How to proffer evidence

To appeal a trial court’s exclusion of evidence, you must make an offer of proof so as to preserve the issue of excluded evidence.  The purpose of the proffer is to demonstrate to the appellate court a real error, not an imaginary or speculative one. The failure to make a record of the excluded evidence may constitute a waiver of the issue on appeal.   Below is a brief overview of the three ways to make a proffer.

The first, and best way, is to present the actual testimony or document excluded on the record.  This requires the witness to answer questions outside the presence of the jury and on the record.  Objections are permitted during the questioning, but the witness should be allowed to answer the questions fully so as to create a full record for appellate review. This method allows the reviewing court to evaluate the evidentiary ruling in a full and complete context.

If the excluded evidence is a document, the party seeking to have the document admitted into evidence must ensure the document is part of the trial record.  The document should be offered outside the presence of the jury, should be marked for identification with a number and fully described in the record.

The second way is to present the substance of the evidence in a written or oral summary.  This method of proffer may be sufficient if there is no doubt what the excluded evidence would have been.   Therefore, counsel must state with specificity the anticipated testimony. Generalities regarding the content of the testimony are insufficient.   Counsel must be clear on the record that he is making a proffer of the excluded evidence.  Counsel must also make clear the purpose and relevance of the proffered evidence.   This requires counsel to be aware of the context in which the proffer is being made because counsel may need to add further context in the proffer in order to clearly establish the purpose and relevance of the excluded evidence.

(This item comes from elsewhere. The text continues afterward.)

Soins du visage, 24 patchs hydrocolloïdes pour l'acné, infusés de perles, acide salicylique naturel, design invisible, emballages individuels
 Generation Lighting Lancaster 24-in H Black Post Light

The final way, although specifically included in the evidence code, is not really a proffer and is not recommended.  Section 90.104 permits the appellate court to reverse the trial court’s ruling where the substance of the excluded evidence is clear from the context and the questions asked. However, there exists a murky line between instances in which the appellate court found the questions to be sufficient to avoid the need for a proffer and those in which the appellate court found the questions insufficient.  The better practice is to proffer the evidence in one of the two ways discussed above.